« Aujourd’hui, l’univers de la BD a perdu en spontanéité et en richesse d’expression » affirmait l’auteur de BD Benoît Sokal à l’AFP, à l’occasion de la sortie nationale du jeu L’Amerzone. Avant d’ajouter : « Le genre nouveau que représente le jeu vidéo vieillira peut-être de la même façon, mais pour l’instant, c’est un support de création vraiment gratifiant ». Celui que l’on s’accorde à voir aujourd’hui comme l’un des chefs de file de la bande dessinée européenne a pris son pied dans la conception d’une œuvre interactive que l’on ne peut s’empêcher de comparer à Myst ou Riven. A Ring également, le jeu de Cryo auquel avait justement pris part un autre dessinateur, Philippe Druillet. La comparaison est à ce point inévitable qu’on peut la pousser jusque dans les limites ludiques inhérentes au type même du jeu, dit « aventure interactive ». Evidemment, on s’adresse clairement à un plus public large, pas trop porté sur le jeu vidéo, peu enclin aux ordinateurs et à la technologie en général, plutôt lectorat type de Télérama voyez…
L’Amerzone est une contrée imaginaire située en plein cœur de l’Amérique du Sud. Un micro-univers parallèle où les mythes et les légendes vont bon train. Vous êtes journaliste et, en tant que tel, vous décidez de vous lancer dans un reportage a priori léger et rafraîchissant : le mythe des oiseaux blancs. On raconte que les oiseaux blancs, cadeaux des dieux, apportent aux indiens la vie éternelle. Hélas, un sorcier a volé l’œuf créé par les dieux laissant une malédiction s’abattre sur l’Amerzone. L’enquête vous emmène d’abord en Bretagne chez un vieillard qui a eu la chance d’explorer autrefois le pays imaginaire. Très vite, vous apprenez qu’il s’agit en réalité du sorcier de la légende et que l’homme n’a pas voulu causer tous ces troubles puisqu’il pensait bien faire en ramenant l’œuf pour l’exposer dans le musée du coin. Aujourd’hui bien trop vieux pour entreprendre une nouvelle fois le voyage (l’homme succombe d’ailleurs juste après s’être entretenu avec vous), c’est à vous qu’il confie la mission de remettre l’objet à sa place, en Amerzone…

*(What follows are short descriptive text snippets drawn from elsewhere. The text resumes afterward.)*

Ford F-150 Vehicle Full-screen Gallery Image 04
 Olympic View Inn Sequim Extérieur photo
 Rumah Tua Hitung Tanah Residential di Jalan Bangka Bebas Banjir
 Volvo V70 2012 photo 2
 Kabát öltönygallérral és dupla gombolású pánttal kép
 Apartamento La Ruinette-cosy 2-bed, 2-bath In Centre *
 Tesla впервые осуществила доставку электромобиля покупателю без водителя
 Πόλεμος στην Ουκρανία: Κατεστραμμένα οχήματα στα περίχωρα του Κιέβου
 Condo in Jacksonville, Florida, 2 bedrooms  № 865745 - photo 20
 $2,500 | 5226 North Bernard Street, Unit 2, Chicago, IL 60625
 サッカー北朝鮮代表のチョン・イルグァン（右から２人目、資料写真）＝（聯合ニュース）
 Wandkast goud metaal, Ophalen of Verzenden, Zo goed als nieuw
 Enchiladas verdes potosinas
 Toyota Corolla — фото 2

Il vous faudra, au fil de l’aventure, récupérer des objets, déjouer des mécanismes et examiner à la loupe quelques détails utiles pour la bonne résolution des énigmes. Comme dans Riven, le joueur évolue dans un environnement 3D avec une vision à 360°. Tout l’intérêt du jeu réside dans son atmosphère, soit les décors, les animations et les sons. Excellent travail que l’on doit sans aucun doute à la patte de maître Sokal. Techniquement, en revanche, on peut relever quelques points noirs : les transitions brutales au passage d’un écran à l’autre, le manque de scènes animées…
Mais c’est surtout l’ennui du joueur qui risque de faire vraiment défaut au jeu, car, en définitive, il ne s’y passe pas grand chose, et il faut une sacré dose de courage (et beaucoup de temps libre) pour en voir le bout. Il faut, en ce sens, vivement déconseiller L’Amerzone aux hardcore gamers, « bien trop peu contemplatifs », dixit Sokal, à qui on ne saurait trop conseiller de tester et de contempler, justement, X-Wing Alliance. Par exemple.